Lesson 7 : ADF Introduction *** Difference between ADF Version 1 and Version 2 *** DataFlows and Power Query as new features in Version 2 *** DataFlows are for Data Transformations *** Power Query is for Data Preperations and Data Wrangling Activities *** Building Blocks of ADF *** pipeline *** activity *** DataSets *** Linked Service *** Integration Runtime *** Auto Integration RunTime *** Self Hosted Integration Runtime *** SSIS Integration RunTime
ADF session 7 notes:
--------------------
ADF --> Azure data factory.
--> is a cloud data orchestration service (in general, we call it as cloud etl/elt ).
ADF has two versions:
1. version 1 ---> extract and load operations available.
to perform transformation additional azure services are used.
1. hdinsights (hadoop framework in azure cloud)
--> Pig( is a dataflow language-- to perform tranformations)
---> Mapreduce
2. azure functions ( c# coding is used)
3. stored procedures (to process structured data), etc
4. databricks (spark --> scala/python/R/sql)
2. version 2.
---> dataflows ---> are used to perform tranformations( zero coding)
--->powerquery ---> used for data preperations(data wranlging )
with adf 2 ---> extract load and trasform.
extract and load is done adf pipeline core activity.
all tranformations are done with "DataFlows"
Buiding Blocks of ADF:
----------------------
1. pipelines
2. activities
3. datasets
4. linked services
5. integration runtime
1. pipeline:--->
is set of sequence of activities.
(control flow of activities)
2. activity:?
---> is an operation on data/data object
3. dataset ?
dataset is snapshot/alias of phisical data object
---> is pointer to physical data object.
oracle--> db name : salesdb ---> table : sales
azure data lake ---> container : mydata
storage account : mydatalake
task1:
extract data from sales table and dump into azure datalake (mydata)

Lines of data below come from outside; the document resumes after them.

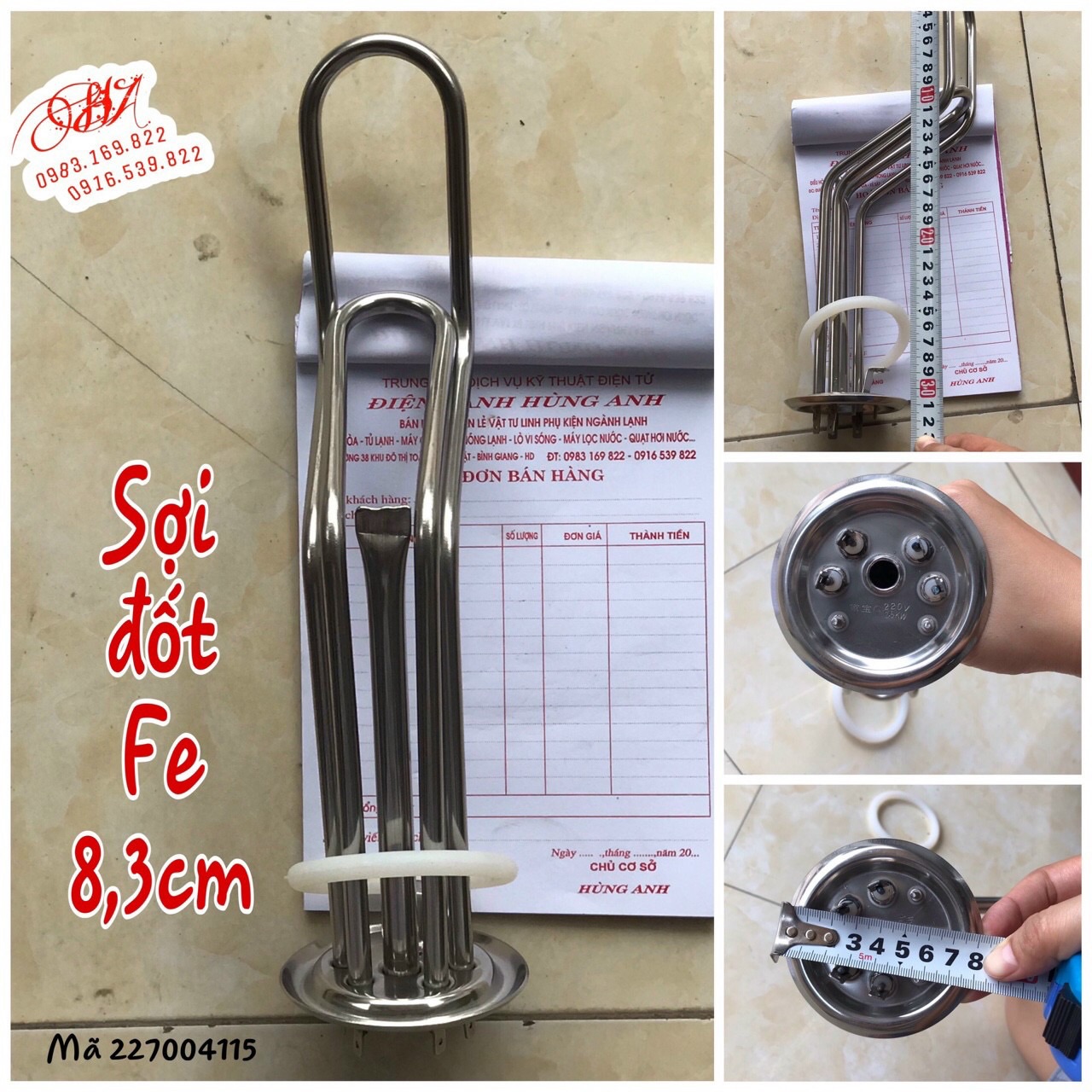 Sợi đốt bình nóng lạnh feroly chính hãng (mặt bích 8.3 cm )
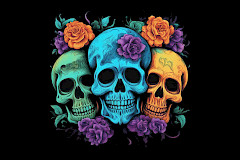 kolme värikästä pääkalloa ruusujen keskellä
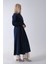 Lacivert Belden Bağlama Detaylı Yandan Cepli Uzun Trenç 422237.02 3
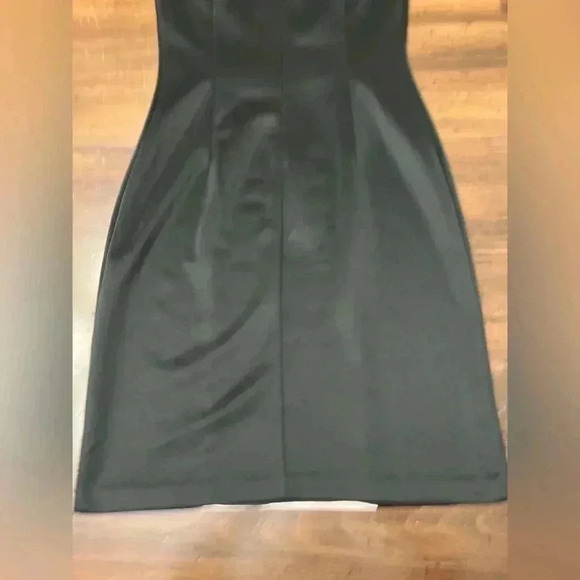 2/$12 Connected Apparel Dress Size 6 Black Pink Textured Stripes Shiny Knit - Picture 9 of 13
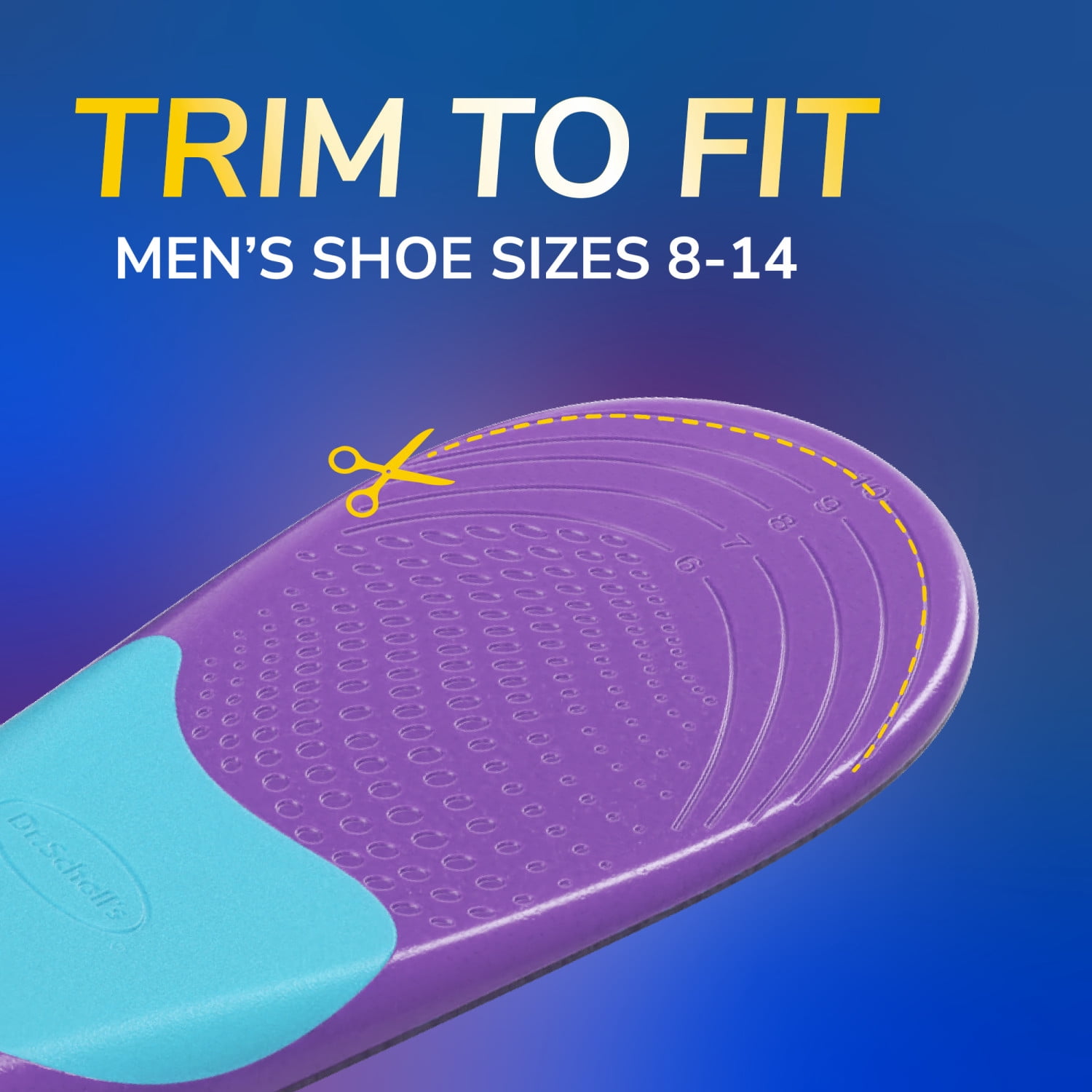 Dr. Scholl's Walk Longer Insoles, Comfortable Plush Foam Inserts for Men, Sizes 8-14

we need to create two datasets in adf:
data set1 ---> ds_oracle_salesdb_sales
data set2 ---> ds_datalake_gen2_mydatalake_mydata
copy data (activity)
source : ds_oracle_salesdb_sales
sink: ds_datalake_gen2_mydatalake_mydata
task2:
extract data from oracle table to datalake and perform transformations
traformed data should be loaded into synapse table.
How many datasets are required ? ---> 3 datasets.
dataset1 ---> ds_oracle_salesdb_sales
dataset2 --> ds_datalake_gen2_mydatalake_mydata
dataset3 --> ds_synapse_dwhdb_sales
4. Linked service:
---------------------
is a connection string.
if storage service is a database,
Linked service has following information:
server name (oracle)
database : salesdb
user :
password :
if storage service is a datalake:
Linked service has following information:
1. data lake(gen1/gen2/blob service)
2. storage account name
3. authentication
naming standards.
1. oracle --> salesdb --> 100 tables
ls_oracle_salesdb
2. datalake gen2 --> storage account : mystorage101 --> 15 containers
ls_datalakegen2_mystorage101
3. azure sql ---> db : mydb --> 200 tables
ls_azuresql_mydb
task:
in oracle under salesdb , there are two tables ( sales, products)
extract those two tables and load into datalake storage account mystorage101
join the records of sales and products, joined data load into synapse(syndb into sales table). perform aggregations, aggregated data load into oracle salesdb summary table.
how many linked services. ---> 3 linked services.
task2:
oracle ---> salesdb ---> sales table
oracle ----> productsdb ---> products table.
extract sales and products tables, and dump into datalake
3 linked service are required.
ls_oracle_salesdb
ls_oracle_productsdb
ls_datalakegen2_mystorage101
---------------------------------
Integration runtime:
------------------
is prerequisite to Linked Service.
responsibilties:
1. establish connection.
2. data transportation.
3. activity execution.
3 types of Integration runtimes:
1. Auto Integration Runtime.
2. Self Hosted Integration Runtime
3. SSIS Integration Runtime.
1. Auto IR
-------------
old:
if storage service is part of azure
1. azure blob
2. azure data lake gen1
3. azure data lake gen2
4. azure sql
5. azure synapse
6. azure cosmos
new:
if stoage is on azure cloud or other cloud (data is publically exposed) and adf has connector with that service.
1. azure blob -- auto ir
2. azure data lake gen1 -- auto ir
3. azure data lake gen2 -- auto ir
4. azure sql -- auto ir
5. azure synapse -- auto ir
6. azure cosmos -- auto ir
7. snowflake -- auto ir
8. amazon s3 -- auto ir
9. redshift -- auto ir
2. self hosted IR:
--------------------
old: if storage service is not part of azure
new: if storage is on onpremise or if storage is on cloud but adf does not have connector
storage mode ir
---------------------------
oracle onprem self ir
db2 onprem self ir
bluemix cloud self ir
sql server onprem self ir
------------------------------------
in azure,
i created a VM (image is Windows 2000)
on that vm , I have installed "Sql server".
---> self hosted ir
------------------------------------------
3. ssis ir
------------
ssis --> sql server integration service --> ms onpremise etl.
ssis ir --> to run existed ssis packages in azure adf.
--------------
client has 300 packages, --> with out redeveloping adf pipelines we can execute in adf using ssis ir
and he wants 200 new functionalities. --> you have to develop adf pipelines(200)
summary:
ir-->
1. connection establishment with storage service
2. data transportation.
3. activity execution.
3 types of ir:
1. auto ir
2. self hosted ir
3. ssis ir.
---------------------------------------------------